The GOP’s War on Public Education and Economic Development

by | Mar 1, 2022 | Politics | 2 comments

Joe Killian is the documentarian of UNC’s troubles. The NC Policy Watch reporter broke another probing story yesterday about political influence at our flagship school. Though the content it conveys pales in outrage to Trustees’ attack on Nikole Hannah-Jones, Killian’s piece is a reminder that the University of North Carolina has not reached the sunlight of relief from political meddling. In fact, UNC is only the most prominent–and most consequential–of the state’s institutions that have been attacked and undermined by a legislature bent on minimal government.

Drunk on the sweet elixir of long-sought power, Republican legislators in 2013 took as their task the complete elimination of numerous institutions. Anti-environment legislators targeted the state’s Green Business Fund. Aggrieved radicals abolished the North Carolina Rural Center and the Golden Leaf Foundation, both established by Democrats to pump a little vitality into ailing rural economies. Bob Rucho, who was considered, preposterously, a public-policy expert, nearly got his way in fully defunding the extraordinarily successful North Carolina Biotechnology Center. Then-governor Pat McCrory’s flippant explanation was that he wanted to “take another look” at state nonprofits. Whatever.

Public schools were likewise a target. The first Republican fiscal blueprint under Phil Berger and Thom Tillis cut $650 million from the state k-12 education budget. Thousands of teachers lost their jobs and funding for instructional supplies was reduced by 50%, never to recover. Going further, Berger cut several thousand more teaching assistants from the public payroll as part of his effort to carve out fiscal room for the largest regressive tax cut in North Carolina history. This reduction was especially cruel and boneheaded because the same Senate boss insisted every child reach an arbitrary reading standard by third grade or be held back, regardless of the judgment of their teachers.

The immiseration of public schools has become one of the NCGOP’s signature policies. From intellectuals at the John Locke Foundation to the histrionic lieutenant governor, state Republicans sing hosannas to the wonders of “school choice.” An epic deluge of charter schools has hit the state–many of them sketchy and privately run. Republicans are frankly obsessed with growing their private-school voucher program.
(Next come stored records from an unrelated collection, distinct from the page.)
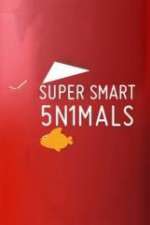 Watch Super Smart Animals 1channel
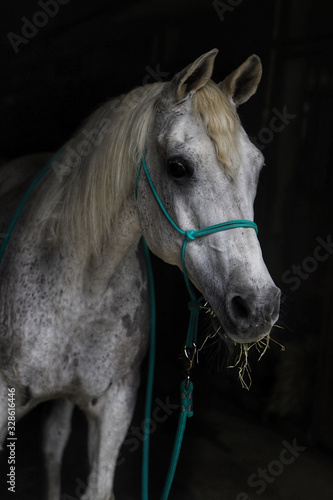 Portrait of a horse with black background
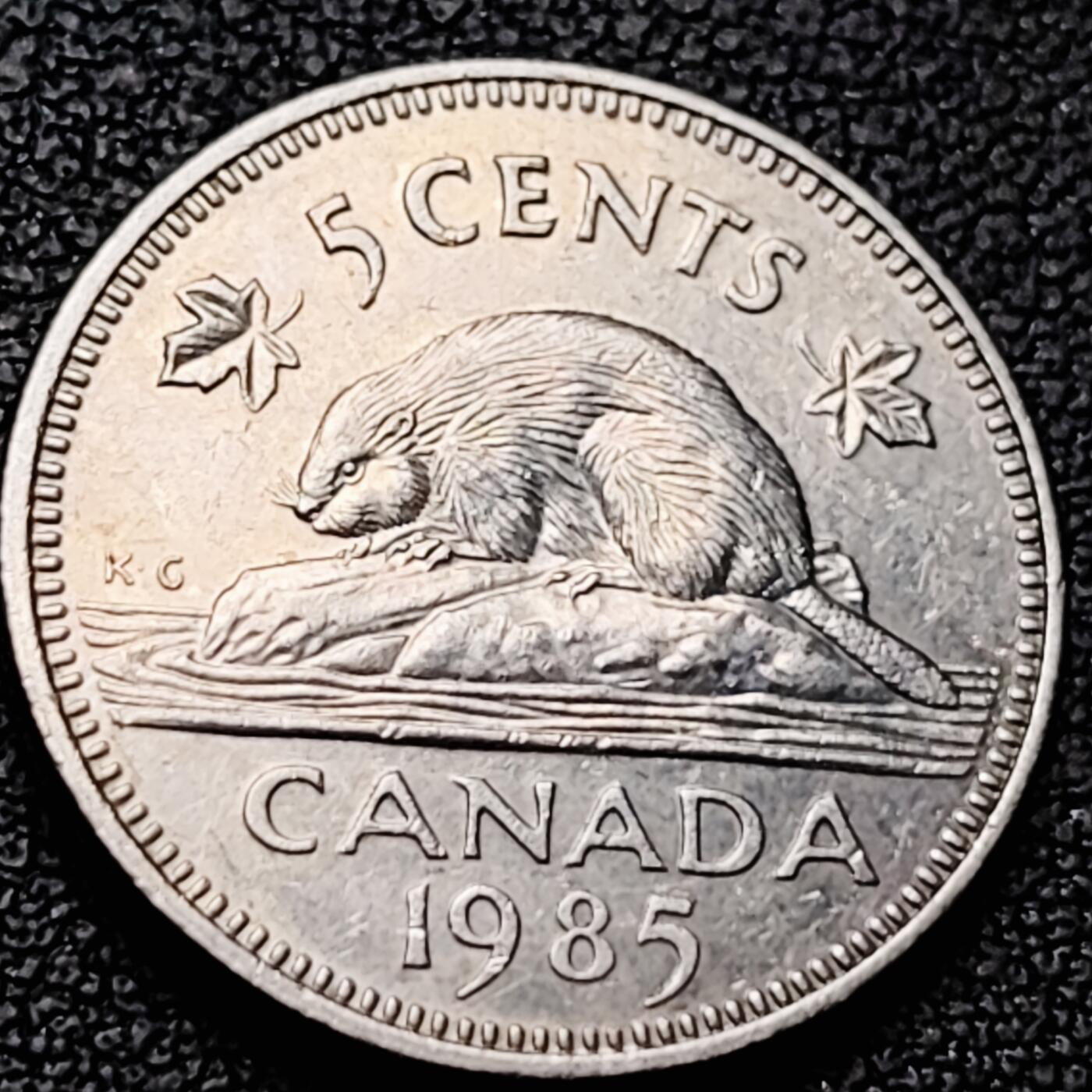 泉币菌-第213场-拍品多 请提前出价（工作最近较忙 发货不及时，望理解） 。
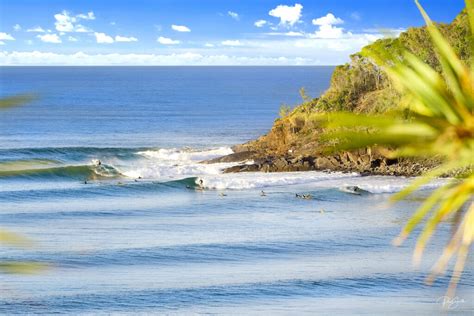 NOOSA NATIONAL PARK 1 - Paul Smith Images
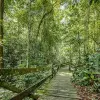 Image of Eco Tours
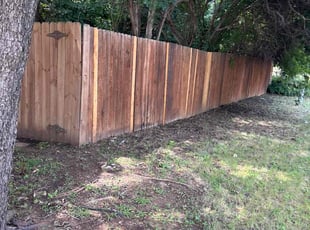 Cleanups by Victor/ Madeline Ramirez for Ron M. in Arlington, TX
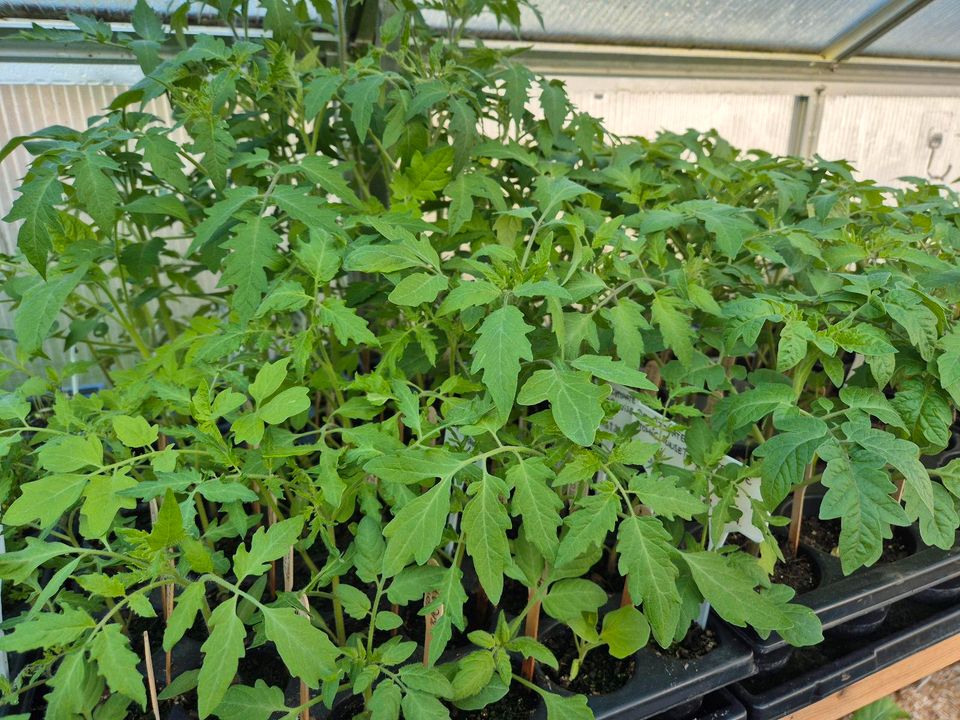 Verschiedene Jungpflanzen (Tomaten, Porree, Chili, Mangold) in Düsseldorf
Despite claims that “school-choice” funds merely follow individual students out of public schools and into charters or private academies, research by Helen Ladd has found that North Carolina’s educational Wild West has reduced the amount of funding left for traditional schools to educate the students left behind, who are disproportionately Black, Brown, and poor.

On the whole, the legacy of the NCGOP legislature to date has been to destroy successful institutions. UNC was one of the most esteemed public universities in the country; no more. North Carolina public schools were making progress and improving their test scores; those scores are now heading into decline. Jim Hunt’s Hamiltonian tradition of progressive economic development helped create a dynamic economy that the backwaters of the Deep South could not dream of domiciling. Now, after ten years of small government, North Carolina has become a state trapped in stagnation, and widely reviled.

2 Comments

  1. Lee Neulicht

    For anyone interested: coalitionforcarolina.org has been organized and is speaking out against the politicization of the UNC Board of Governors. And they haven’t asked me for money yet LOL

  2. Lex

    [[North Carolina has become a state trapped in stagnation, and widely reviled.]]

    It’s bad, and, yes, Republicans are almost completely to blame. But it’s not that bad. “Widely reviled” brings to mind pariah states like Texas, Alabama, and Mississippi. We’re not that bad. yet.